No race or nation has yet freed itself from this tendency to exalt and idealize itself. It is very difficult for a member of Western civilization to understand that the Orientals regard us with a contempt in comparison with which our contempt for them is feeble. Our bloodiness, our newness, our lack of reverence, our land-greed, our break-neck speed and lack of appreciation of leisure make Vandals of us. On the other hand, we are very stupid about recognizing the intelligence of Orientals. We have been accustomed to think that there is a great gulf between ourselves and other races, and this persists in an undefinable way after scores of Japanese have taken high rank in our schools and after Hindus have repeatedly been among the wranglers in mathematics

at Cambridge. It is only when one of the Far Eastern nations has come bodily to the front that we begin to ask ourselves whether there is not an error in our reckoning.

The instinct to belittle outsiders is perhaps at the bottom of our delusion that the white race has one order of mind and the black and yellow races have another. But while a prejudice a matter of instinct and emotion may well be at the beginning of an error of this kind, it could not sustain itself in the face of our logical habits unless reinforced by an error of the judgment. And this error is found in the fact that in a naïve way we assume that our steps in progress from time to time are due to our mental superiority as a race over other races, and to the mental superiority of one generation of ourselves over the preceding.

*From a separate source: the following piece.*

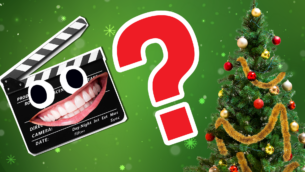 14 Question Christmas Movie Quotes Quiz!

In this we are confusing advance in culture with brain improvement. If we should assume a certain grade of intelligence, fixed and invariable in all individuals, races, and times an unwarranted assumption, of course progress would still be possible, provided we assumed a characteristically human grade of intelligence to begin with. With associative memory, abstraction, and speech men are able to compare the present with the past, to deliberate and discuss, to invent, to abandon old processes for new, to focus attention on special problems, to encourage specialization, and to transmit to the younger generation a more intelligent standpoint and a more advanced starting-point. Culture is the accumulation of the results of activity, and culture could go on improving for a certain time even if there were a retrogression in intelligence. If all the chemists in class A should stop work to-morrow, the chemists in class B would still make discoveries. These would influence manufacture, and progress would result. If a worker in any specialty acquaints himself with the results of his predecessors and contemporaries and works, he will add some results to the sum of knowledge in his line. And if a race preserves by record or tradition the memory of what past generations have done, and adds a little, progress is secured whether the brain improves or stands still. In the same way the fact that one race has advanced further in culture than another does not necessarily imply a different order of brain, but may be due to the fact that in the one case social arrangements have not taken the shape affording the most favorable conditions for the operation of the mind.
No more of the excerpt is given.